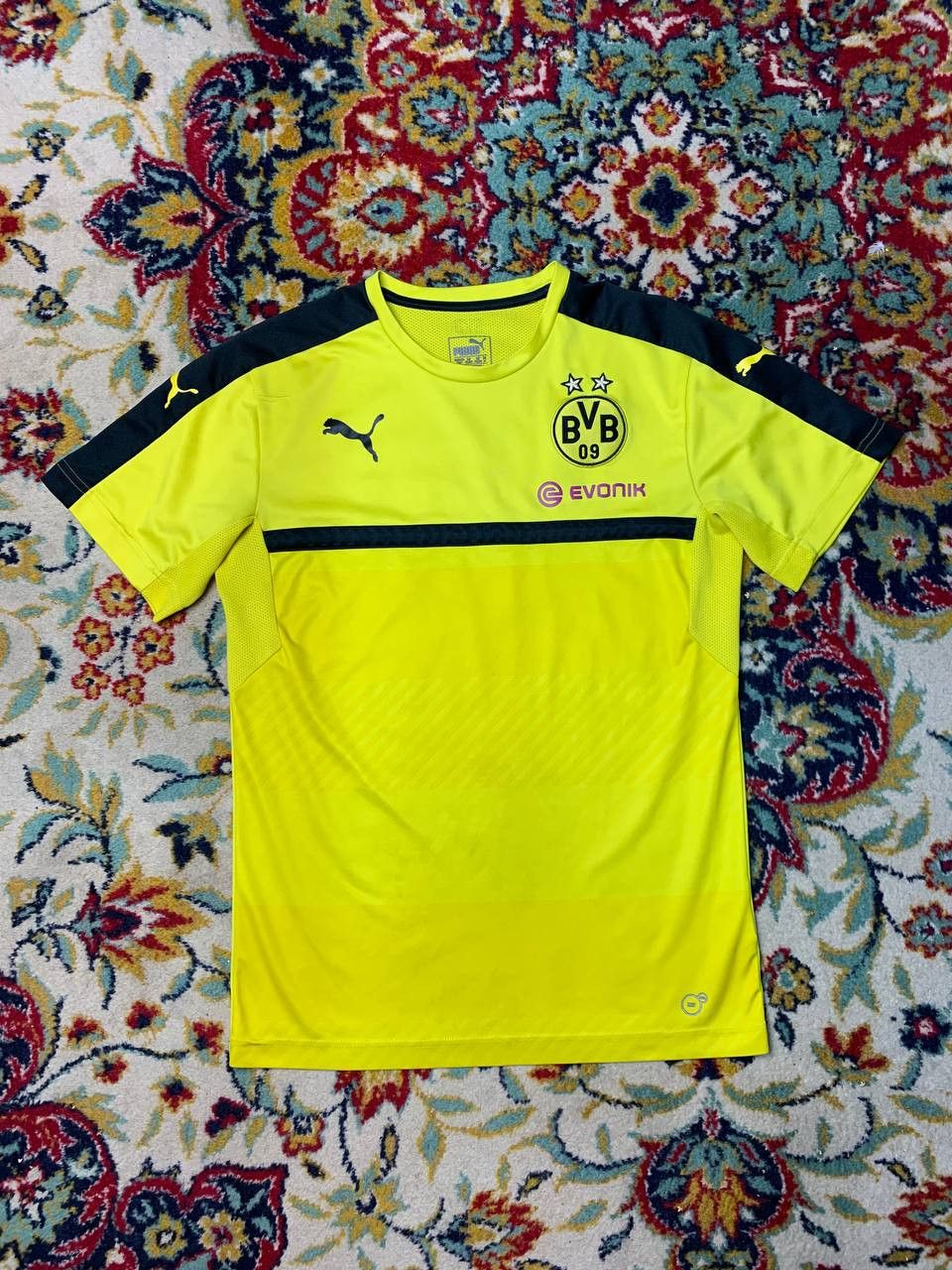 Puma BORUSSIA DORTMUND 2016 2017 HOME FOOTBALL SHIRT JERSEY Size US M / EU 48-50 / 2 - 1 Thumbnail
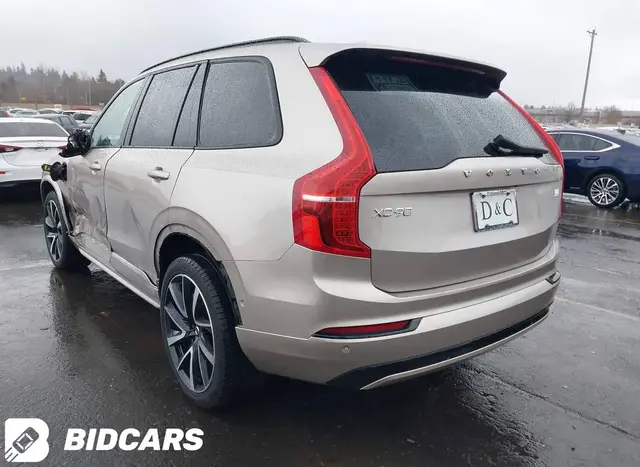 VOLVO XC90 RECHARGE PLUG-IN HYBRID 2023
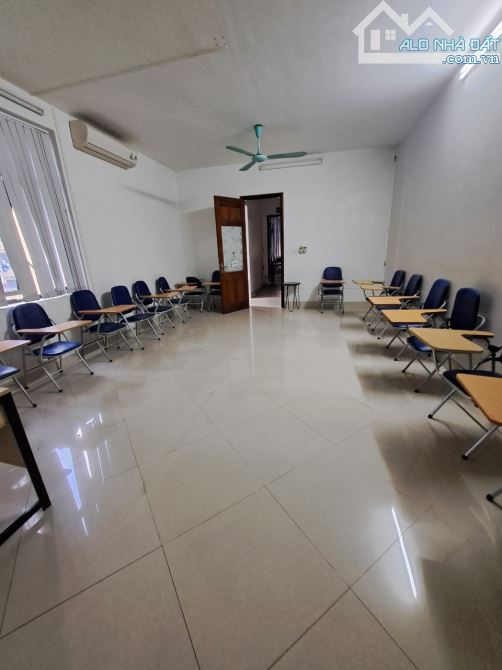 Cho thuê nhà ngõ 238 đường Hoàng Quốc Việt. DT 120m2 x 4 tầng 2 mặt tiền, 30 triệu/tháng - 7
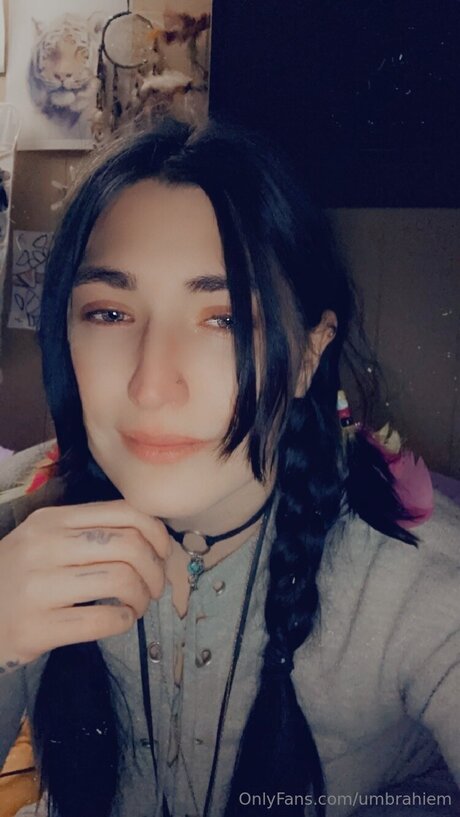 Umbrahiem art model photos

■ TO DO ■
Please set down the whole listing above exactly and skip every picture.

■ RESPONSE AREA ■
 Puma BORUSSIA DORTMUND 2016 2017 HOME FOOTBALL SHIRT JERSEY Size US M / EU 48-50 / 2 - 1 Thumbnail
 VOLVO XC90 RECHARGE PLUG-IN HYBRID 2023
 Cho thuê nhà ngõ 238 đường Hoàng Quốc Việt. DT 120m2 x 4 tầng 2 mặt tiền, 30 triệu/tháng - 7
 Umbrahiem art model photos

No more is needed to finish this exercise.